The mixed-race children who were evidence of these relationships were common throughout the slaveholding south but especially in Virginia. Just over 10 percent of the enslaved people in Virginia were mixed-race, according to the 1850 U.S. Census, the highest total in the country. In 1860, famed preacher Henry Ward Beecher made headlines around the country when he held a reverse slave auction to raise funds to free a nine-year-old, mixed-raced enslaved girl named Sally Maria Diggs—one in a line of light-skinned enslaved girls he helped free by emphasizing to his congregation that they could be “your niece” or “your sister.”

As the diarist Mary Boykin Chesnut wrote of life in the antebellum south, the widespread presence in so many households of mixed-race children that “exactly resemble the white children” created a kind of cognitive dissonance among white women. “[E]very lady tells you who is the father of all the mulatto children in everybody’s household, but those in her own she seems to think drop from the clouds, or pretends so to think.”

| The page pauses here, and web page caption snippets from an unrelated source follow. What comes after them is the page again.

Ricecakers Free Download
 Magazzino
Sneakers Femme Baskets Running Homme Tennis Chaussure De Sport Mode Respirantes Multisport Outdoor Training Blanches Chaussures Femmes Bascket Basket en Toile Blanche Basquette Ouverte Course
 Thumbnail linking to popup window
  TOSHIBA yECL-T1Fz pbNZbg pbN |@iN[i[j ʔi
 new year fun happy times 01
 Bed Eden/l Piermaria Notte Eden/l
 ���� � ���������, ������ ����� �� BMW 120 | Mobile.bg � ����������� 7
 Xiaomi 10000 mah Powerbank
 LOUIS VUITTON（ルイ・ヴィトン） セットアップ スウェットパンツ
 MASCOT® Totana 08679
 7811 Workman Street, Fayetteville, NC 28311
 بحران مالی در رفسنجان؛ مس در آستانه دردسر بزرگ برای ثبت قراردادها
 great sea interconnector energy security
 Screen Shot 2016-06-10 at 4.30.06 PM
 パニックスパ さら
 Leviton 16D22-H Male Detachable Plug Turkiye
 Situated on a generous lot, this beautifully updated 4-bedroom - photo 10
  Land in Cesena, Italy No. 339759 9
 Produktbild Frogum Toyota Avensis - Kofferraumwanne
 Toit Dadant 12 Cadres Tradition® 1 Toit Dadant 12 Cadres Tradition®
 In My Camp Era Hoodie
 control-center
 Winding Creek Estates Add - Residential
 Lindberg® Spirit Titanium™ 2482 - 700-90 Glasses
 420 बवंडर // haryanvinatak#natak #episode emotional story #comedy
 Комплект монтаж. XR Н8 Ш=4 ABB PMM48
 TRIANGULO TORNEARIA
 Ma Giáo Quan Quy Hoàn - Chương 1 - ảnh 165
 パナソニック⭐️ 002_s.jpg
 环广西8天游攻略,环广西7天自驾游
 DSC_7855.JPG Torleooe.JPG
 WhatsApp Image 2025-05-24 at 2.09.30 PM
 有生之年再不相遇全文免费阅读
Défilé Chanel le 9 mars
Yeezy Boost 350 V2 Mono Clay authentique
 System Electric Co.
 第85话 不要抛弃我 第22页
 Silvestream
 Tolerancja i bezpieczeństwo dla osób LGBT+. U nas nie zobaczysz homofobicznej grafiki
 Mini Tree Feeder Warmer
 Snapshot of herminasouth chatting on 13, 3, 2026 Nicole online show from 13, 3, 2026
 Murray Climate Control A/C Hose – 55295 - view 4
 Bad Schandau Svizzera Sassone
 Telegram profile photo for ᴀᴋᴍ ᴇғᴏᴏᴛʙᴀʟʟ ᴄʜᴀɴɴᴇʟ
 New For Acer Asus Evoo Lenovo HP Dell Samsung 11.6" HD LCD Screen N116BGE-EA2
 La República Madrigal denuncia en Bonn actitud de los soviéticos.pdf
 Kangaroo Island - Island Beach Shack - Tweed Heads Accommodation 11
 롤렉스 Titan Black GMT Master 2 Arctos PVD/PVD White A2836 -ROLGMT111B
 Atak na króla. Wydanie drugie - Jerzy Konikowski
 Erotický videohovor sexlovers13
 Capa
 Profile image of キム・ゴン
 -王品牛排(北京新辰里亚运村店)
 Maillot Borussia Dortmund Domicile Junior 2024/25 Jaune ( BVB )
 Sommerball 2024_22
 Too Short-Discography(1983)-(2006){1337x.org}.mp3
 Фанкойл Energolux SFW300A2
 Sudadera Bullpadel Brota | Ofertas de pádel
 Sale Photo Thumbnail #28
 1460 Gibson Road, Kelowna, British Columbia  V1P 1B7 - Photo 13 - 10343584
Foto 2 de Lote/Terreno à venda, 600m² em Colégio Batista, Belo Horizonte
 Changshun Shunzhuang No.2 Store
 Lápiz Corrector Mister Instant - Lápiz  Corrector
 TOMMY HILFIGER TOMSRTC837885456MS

As the moonlight and magnolias mythology of the “Old South” metastasized after the Civil War, the cultural memory of this acknowledged predation became even more remote. Any suggestion that men like Jefferson had “fix[ed] his illicit attentions” on enslaved women became, in the words of Jefferson’s granddaughter Ellen Wayles Randolph Coolidge, a “moral impossibility.” 

It would take scholars like Thelma Jennings, Annette Gordon-Reed, Brenda Stevenson, and Deborah Gray White, among others, to restore this memory and with it present a fuller picture of the lived reality of enslaved people. And to acknowledge, as Thomas Foster writes in our new entry, that sexual exploitation was “a ubiquitous component of enslavement throughout the history of slavery in Virginia” and that enslavers “benefited in many ways from the violations of Black men’s and women’s bodies.”